Understanding human speech recognition

4/14/2008 Lauren Eichmann, ECE Illinois

ECE Associate Professor Jont Allen is researching speech processing patterns that may help detect hearing loss and improve functioning of hearing devices such as hearing aids and cochlear implants.

Written by Lauren Eichmann, ECE Illinois

Jont Allen
Jont Allen

Hearing impairments affect approximately 28 million Americans, according to the National Institute on Deafness and Other Communication Disorders. ECE Associate Professor Jont Allen is trying to reduce that number by researching speech processing patterns that may help detect hearing loss and improve functioning of hearing devices such as hearing aids and cochlear implants.

"I am researching human-speech recognition, as opposed to machine-speech recognition," said Allen. "We fundamentally don’t understand how the cochlea - the inner ear - and the brain, process speech. We just don’t have the information."

Through his research, Allen has discovered that adding background noise or delays in certain frequencies of noise can change the brain’s perception of it, making a "ba" sound be heard as a "pa," for example. "Since we’ve identified what exactly is the acoustic feature you’re listening for, we can enhance it selectively and thereby make speech more robust to noise," said Allen. "That we have done."

Allen said he feels his research team has made significant progress since he started at the University four years ago. "We have actually now identified what’s going on for about half a dozen, or maybe more, sounds of language," he said. "We understand the sounds and how they’re coded by the brain. I consider this to be quite an important thing."

Identifying how normal people process speech is possibly best understood by recognizing how the speech system fails with hearing loss, according to Allen. "Disease is also a good vector towards understanding problems," he said. "Looking at how something is broken can tell you how it works."

Allen and his students have in fact done just that.
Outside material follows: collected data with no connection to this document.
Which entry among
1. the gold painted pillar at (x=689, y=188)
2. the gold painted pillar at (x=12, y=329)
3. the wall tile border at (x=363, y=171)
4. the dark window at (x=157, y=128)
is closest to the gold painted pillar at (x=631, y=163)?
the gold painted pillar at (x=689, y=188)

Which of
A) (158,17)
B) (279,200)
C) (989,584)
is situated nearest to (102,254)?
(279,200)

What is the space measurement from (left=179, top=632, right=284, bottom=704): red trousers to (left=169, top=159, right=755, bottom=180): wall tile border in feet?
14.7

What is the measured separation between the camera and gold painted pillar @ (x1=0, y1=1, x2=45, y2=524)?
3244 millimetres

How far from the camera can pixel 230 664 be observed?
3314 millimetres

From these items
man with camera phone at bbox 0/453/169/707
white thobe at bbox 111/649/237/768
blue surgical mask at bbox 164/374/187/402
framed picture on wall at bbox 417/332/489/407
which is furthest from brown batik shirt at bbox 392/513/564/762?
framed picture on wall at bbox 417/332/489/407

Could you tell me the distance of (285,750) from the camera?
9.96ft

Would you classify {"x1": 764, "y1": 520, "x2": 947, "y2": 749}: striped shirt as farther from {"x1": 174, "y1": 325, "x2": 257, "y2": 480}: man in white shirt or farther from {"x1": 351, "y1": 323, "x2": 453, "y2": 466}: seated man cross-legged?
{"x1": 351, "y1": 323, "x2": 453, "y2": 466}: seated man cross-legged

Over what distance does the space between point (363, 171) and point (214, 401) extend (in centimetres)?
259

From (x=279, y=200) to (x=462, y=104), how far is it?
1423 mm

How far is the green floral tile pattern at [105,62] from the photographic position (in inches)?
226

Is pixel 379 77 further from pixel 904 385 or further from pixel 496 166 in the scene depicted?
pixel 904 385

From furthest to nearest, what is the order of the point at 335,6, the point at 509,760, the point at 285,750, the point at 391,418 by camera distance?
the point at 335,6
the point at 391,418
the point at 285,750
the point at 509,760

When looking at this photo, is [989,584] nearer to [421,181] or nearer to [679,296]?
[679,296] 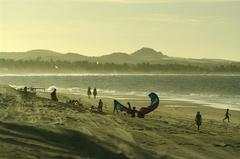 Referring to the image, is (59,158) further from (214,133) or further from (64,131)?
(214,133)

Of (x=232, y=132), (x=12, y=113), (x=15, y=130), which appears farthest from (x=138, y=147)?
(x=232, y=132)

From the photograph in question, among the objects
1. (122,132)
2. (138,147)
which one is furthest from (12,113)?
(138,147)

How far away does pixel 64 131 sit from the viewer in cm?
2170

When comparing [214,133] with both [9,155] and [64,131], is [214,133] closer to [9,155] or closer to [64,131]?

They are currently studying an elderly hearing-impaired patient whom they are extensively testing. "We’ve discovered there are just a small number of sounds that these hearing-impaired people can’t hear," said Allen. "Usually people just assumed it was all sounds that you couldn’t hear. But it’s very specific sounds, and each ear appears to be different, according to some research by one of my students. This is really a shocking result is some ways that there are only a small number of sounds that a hearing-impaired person has trouble with, and that each person is different. It’s not the same sounds. By taking advantage of this fact, we would like to ultimately give people back their 16-year-old hearing."

One of Allen’s students is fine-tuning the hearing aid signal processing so it can be specifically adjusted to a person’s individual consonant-sound-loss profile. Phonak, a hearing aid company, began funding Allen’s research six months ago. Allen said previous research had been done on speech processing in the 1950s, but the study "died" because people failed to see how it was relevant to hearing problems. "Of course, signal processing and computer technology [have] come a long way in the meantime, allowing us to do things we never dreamed of before," Allen said. "No one has taken this approach, where they look at specific sounds. But the goal is to make speech more robust to noise. There are some very basic observations that should have been made years ago," he continued. "The problem really hasn’t been properly investigated, but it could lead to a lot of interesting things. The timing, edges and rhythms of sounds are very important in human speech processing."

With even a small amount of hearing loss, people have trouble understanding speech in noisy environments, said Allen. "This is a well-known phenomenon. It commonly becomes such a problem that they stop going to social events because they just can’t communicate. It’s just too difficult," he said.

Along with Cynthia Johnson, a professor in the Speech and Hearing Science Department whom Allen has been working with for nearly three years, studying children’s hearing loss has become a research focus. They have been collaborating with The Reading Group in Champaign, an organization that helps children who have reading disorders. Allen theorizes that when young children have a temporary middle ear hearing problem, they may have difficulty reading because they can’t hear certain distinct sounds at a critical learning time.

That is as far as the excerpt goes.